Ursachen einer Meniskusverletzung

Meniskusverletzungen sind typische Knieverletzungen in einigen Sportarten, besonders häufig zum Beispiel bei Fußballspielern.

Die Hälfte aller Meniskusschäden entsteht jedoch durch andauernde Beanspruchung vor allem in Berufen, die mit einer überwiegend knieenden Tätigkeit verbunden sind.

Beispielsweise durch die Drehbewegung des Körpers bei feststehendem Fuß und gebeugtem Kniegelenk wird der Meniskus eingequetscht und es kommt zu einem Ein- oder Abriss (häufig des Innenmeniskus'). Kombiniert mit Meniskuseinrissen sind oft auch Bandschäden im Kniegelenk, da die Unfallereignisse für Meniskus- und Bandschäden am Knie ähnlich sind.

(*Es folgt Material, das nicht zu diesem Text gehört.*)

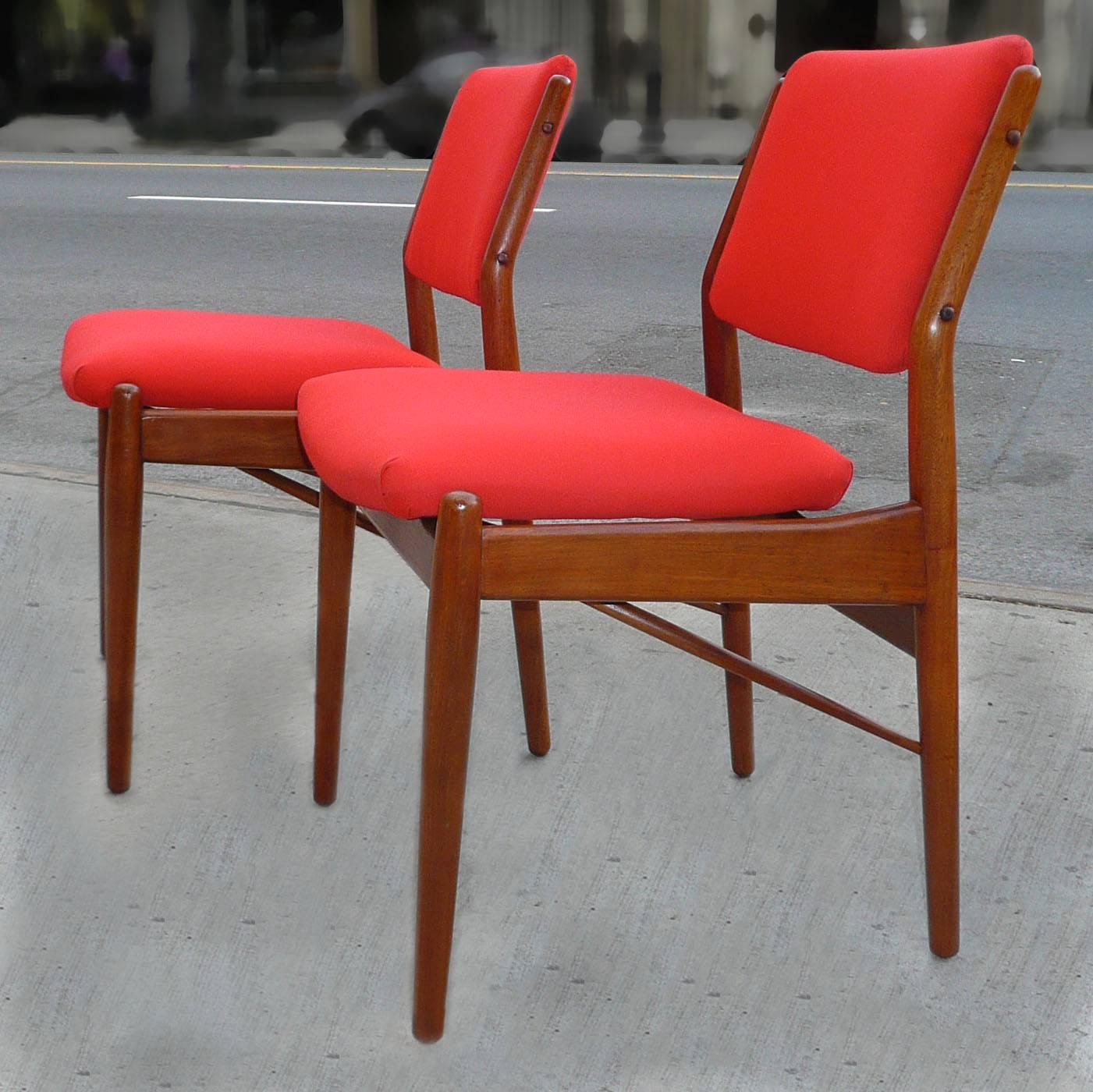 Set of four teak, Danish modern, teak dining chairs by Finn Juhl are newly upholstered in Kravet’s Soleil Tomato linen fabric.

Schnelle OP, schnelle Heilung

Als Sofortmaßnahme wird eine Meniskusverletzung mit Kälteanwendungen und gegebenenfalls elastischen Verbänden um das Knie versorgt.

Bei einem Meniskusriss bringt eine schnelle Operation das beste Resultat, dabei gilt die arthroskopische Kniegelenksoperation heute als die Methode der Wahl.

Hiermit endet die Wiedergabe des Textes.